- Born: June 16, 1930 Quincy, Florida
- Died: 27 May 2016 (aged 85) Tallahassee, Florida
- Education: BSc Florida State University 1952 MSc Florida State University 1954 PhD Johns Hopkins University 1960
- Alma mater: Florida State University
- Occupation: Professor Emeritus
- Spouse: Helen (Carothers) Edwards

= Steve Edwards (physicist) =

American physicist

Steve Edwards was an American nuclear physicist and professor emeritus at Florida State University (FSU) in Tallahassee, Florida.

==Education==

Edwards earned B.S. and M.Sc. degrees in physics from Florida State University in 1952 and 1954, respectively. In 1960, he completed his Ph.D. from Johns Hopkins University with the thesis "EXCHANGE EFFECTS IN DIRECT REACTIONS".

==Career==

Edwards returned to FSU in 1960 as an assistant professor of physics, rising to professor in 1969. He remained part of the faculty in the department of physics for more than 40 years. His research focused on theoretical nuclear physics and he helped establish the newly formed FSU nuclear physics group as one of the top programs in the nation. He wrote the physics textbook "Physics: A Discovery Approach." He served as department chair from 1973 to 1979.

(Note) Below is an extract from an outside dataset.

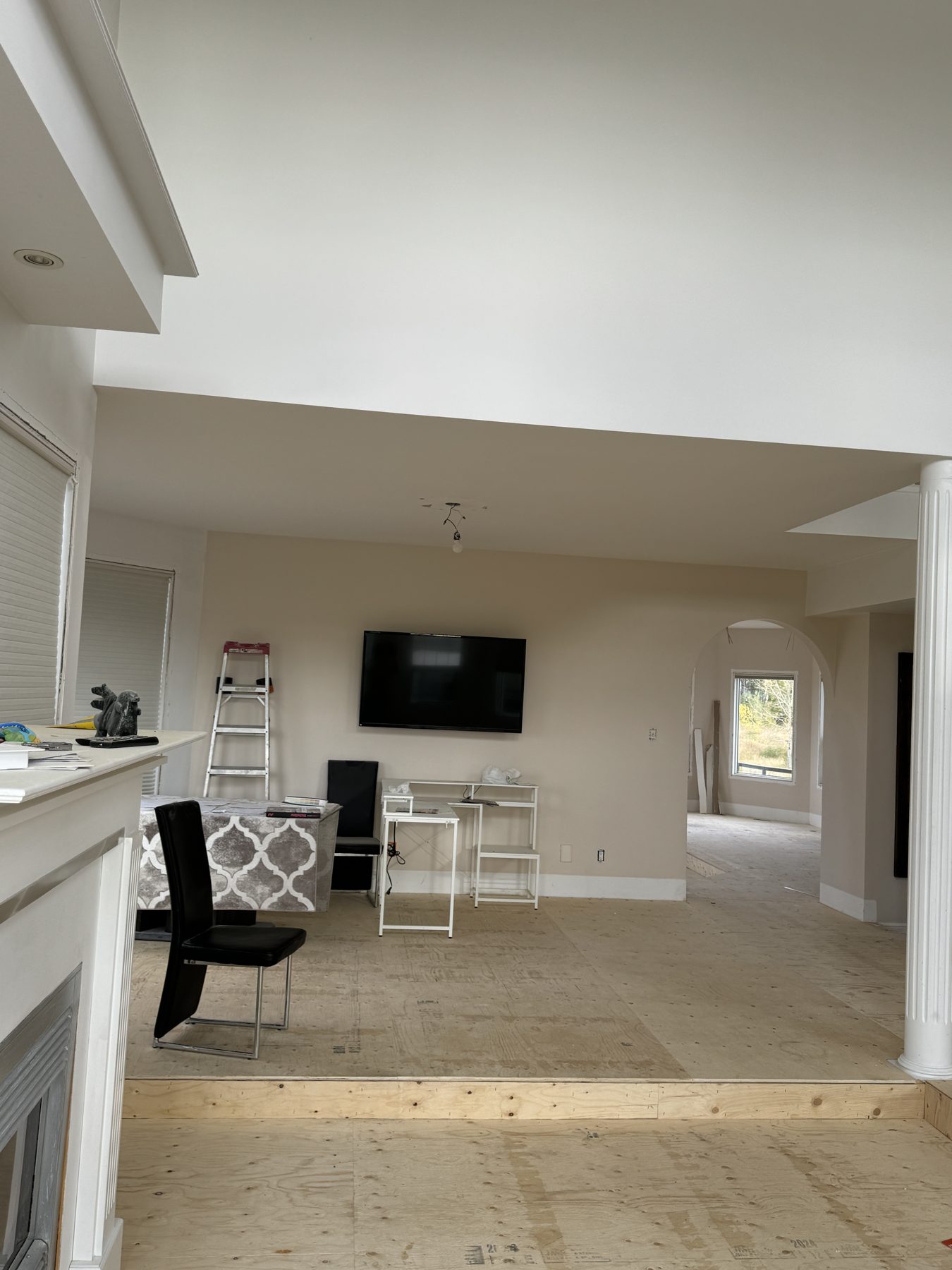 Living room with plywood flooring, television, and step down to another area — 14 Lochend Drive, Cochrane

Edwards served as faculty senate president from 1983-1985 until he was appointed dean of the faculties (1985) and added the title of deputy provost in 1986. He served in this position until his retirement in 2003.

Steve Edwards was a colleague of Paul Dirac, a Nobel Prize-winning research professor from Florida State University.

In 2003, Edwards was awarded the James D. Westcott Distinguished Service Award by Florida State University. He was the sixth person to receive this honor.

==Personal life==

Steve Edwards was born June 16, 1930, and raised in Gadsden County, Florida. In 1965, he married Helen Carothers who was the daughter of Milton W. Carothers, Jr., former FSU administrator. They were married for 47 years, until her death in 2012, and had two daughters, Ashley Carothers Edwards and Leigh Holladay Edwards.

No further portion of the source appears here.